Brief descriptive captions:
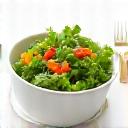 Stylized icon representing healthy food: a bowl of vibrant salad with a fork.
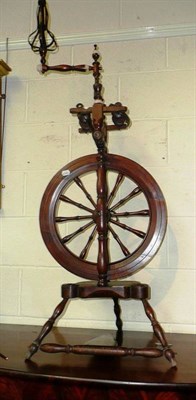 Lot 791 - An early 19th century fruitwood and beech spinning wheel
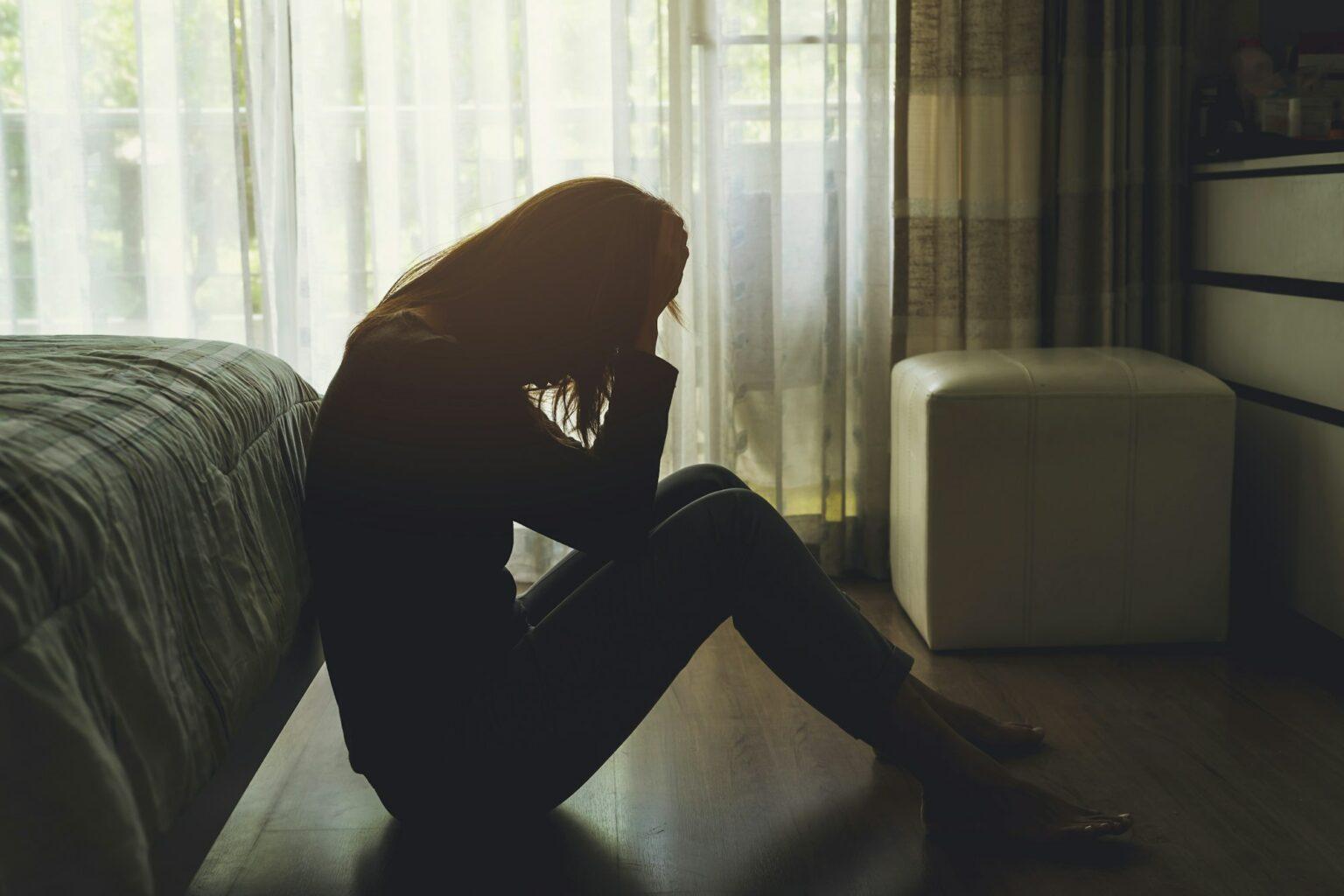Choisir la tristesse : L’ironie de la dépression depressed woman sitting in the dark bedroom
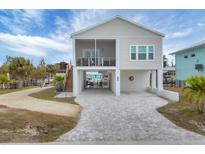 Two-story home with light beige siding, screened porch and paved driveway at 10451 Sherman St, Englewood, FL 34224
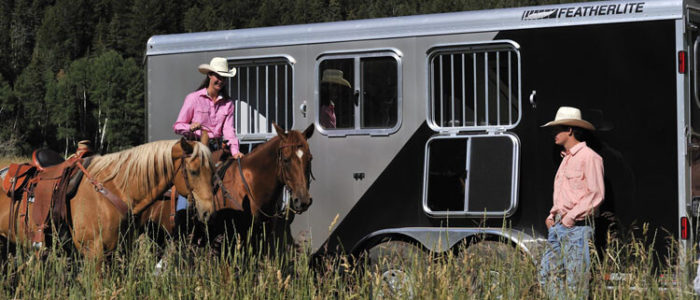 Horses being ridden in front of Featherlite horse trailer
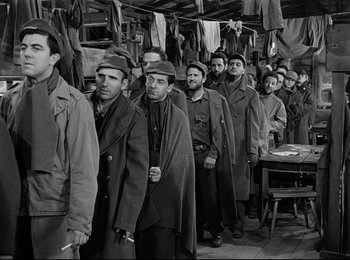 Movie still from “Stalag 17” (1953), directed by Billy Wilder – A black and white photo of a group of men standing together; Medium shot, High angle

EXERCISE
Whenever a line holds a picture, print that line without the picture. All other data must be output exactly.

RESULT OF THIS TASK
 Stylized icon representing healthy food: a bowl of vibrant salad with a fork.
 Lot 791 - An early 19th century fruitwood and beech spinning wheel
Choisir la tristesse : L’ironie de la dépression depressed woman sitting in the dark bedroom
 Two-story home with light beige siding, screened porch and paved driveway at 10451 Sherman St, Englewood, FL 34224
 Horses being ridden in front of Featherlite horse trailer
 Movie still from “Stalag 17” (1953), directed by Billy Wilder – A black and white photo of a group of men standing together; Medium shot, High angle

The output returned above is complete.